Francis’ flashback tells of a man named Dr. Caligari (Werner Krauss), with a curious carnival act: He travels with a sleepwalker named Cesare (Conrad Veidt), whom Caligari claims is under his spell, and can both predict the future and read minds. When Cesare predicts that Francis’ friend Alan will die by dawn—and Alan does die, gruesomely—Francis and Jane do some snooping, to find out if Caligari and Cesare are connected to a string of local murders. But the closer they get to Caligari, the more they risk becoming another of his pawns, and the more they learn some unpleasant truths about the world they thought they knew.
Kino Classics’ new Blu-ray edition of The Cabinet Of Dr. Caligari contains a stunning new 4K restoration, with a choice of two excellent musical scores: one a richly orchestrated soundtrack performed by musicians from Freiburg’s University Of Music, and the other a moody piece by DJ Spooky. The cleaned-up picture of this new Caligari may be a revelation to anyone whose primary memories of the movie are of hazy, distorted old video transfers of battered prints. In 4K, the level of detail in the painted backgrounds is clearer, and more impressive. The Cabinet Of Dr. Caligari’s overtly unrealistic sets have the unexpected effect of making a nearly century-old film feel modern, because it so obviously isn’t a document of the past. Caligari illustrates something more eternal: about great manipulators, and the underlying anxiety that either society has gone mad, or we have.

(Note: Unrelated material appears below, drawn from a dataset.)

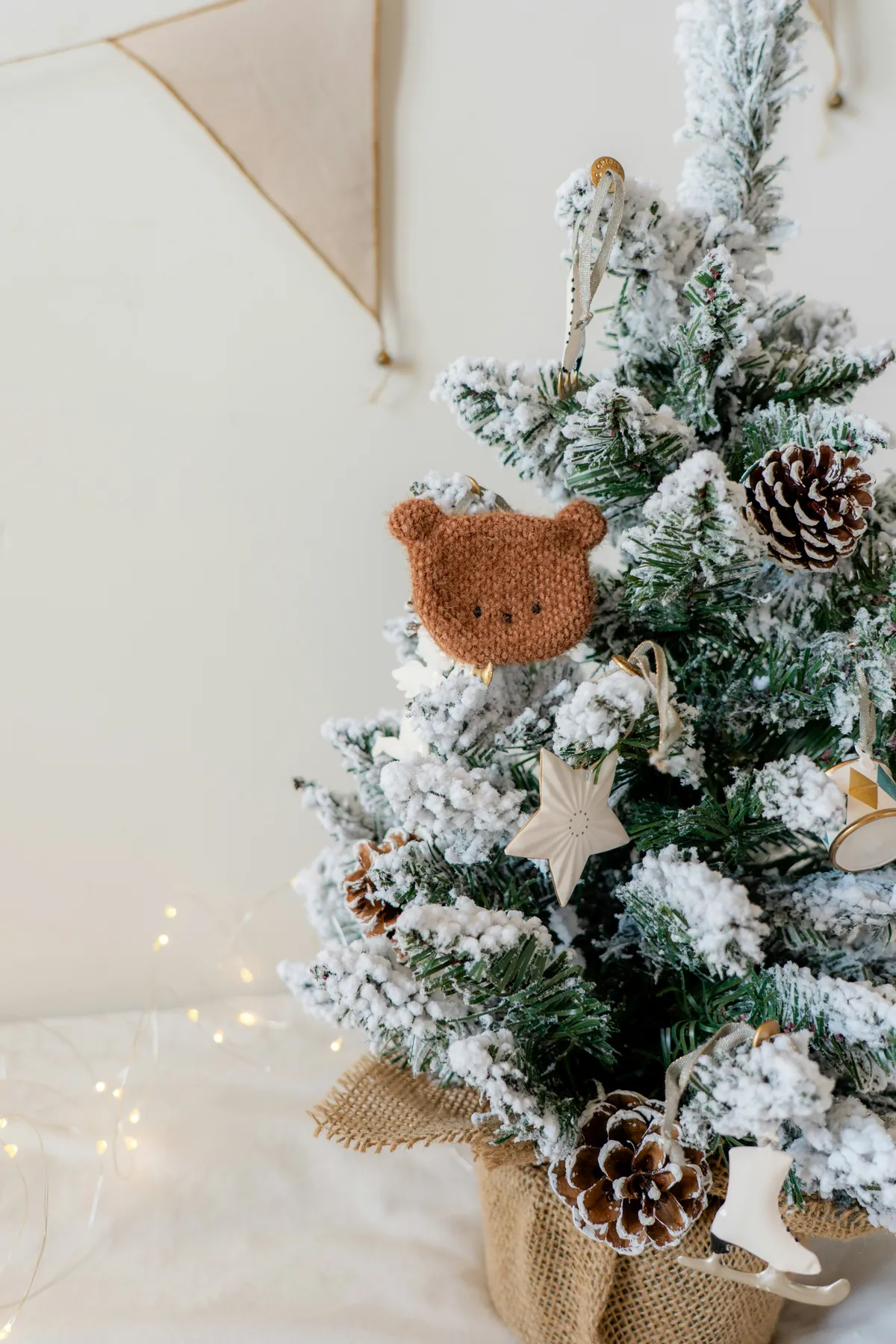 A small christmas tree with a teddy bear decoration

One of the big reasons The Cabinet Of Dr. Caligari still seems so vital is because artists and theoreticians haven’t stopped being influenced by it. Critical studies like Siegfried Kracauer’s seminal film-studies book From Caligari To Hitler used Wiene’s movie and its contemporaries as a way to describe what happened in Europe and elsewhere in the 20th century. Horror films around the world—including Universal’s monster movies of the 1930s and 1940s—borrowed liberally from The Cabinet Of Dr. Caligari’s scenes of dark stalkers and desperate chases. And the crooked fingers of expressionism (in the design sense, if not the underlying philosophy) have touched even children’s books and cartoons, like the work of Dr. Seuss and Chuck Jones.
But it’s The Cabinet Of Dr. Caligari’s depiction of a reality within a reality—explained by a story within a story—that’s pervaded popular culture in ways that haven’t gotten as much attention as the movie’s funky props. Wiene and screenwriters Hans Janowitz and Carl Mayer reveal the power of a well-constructed “this explains everything” tale to govern what people believe, and how they behave. When the film’s villain walks down the street, flinching from the words “You must become Caligari” that literally appear in the air all around him, the visual effect is eye-catching. But it’s also symbolic, showing how strong words can compel.
There’s only one significant extra on Kino’s Blu-ray of The Cabinet Of Dr. Caligari, but it’s exceptional. Rüdiger Suchsland’s 52-minute documentary “Caligari: How Horror Came To The Cinema” puts Wiene’s work in the context of early-20th-century German culture and the Weimar Republic, referencing modern art, Freud, Wagner, Strauss, Nietzsche, and World War I to show where Caligari came from, and what happened in German cinema immediately afterward.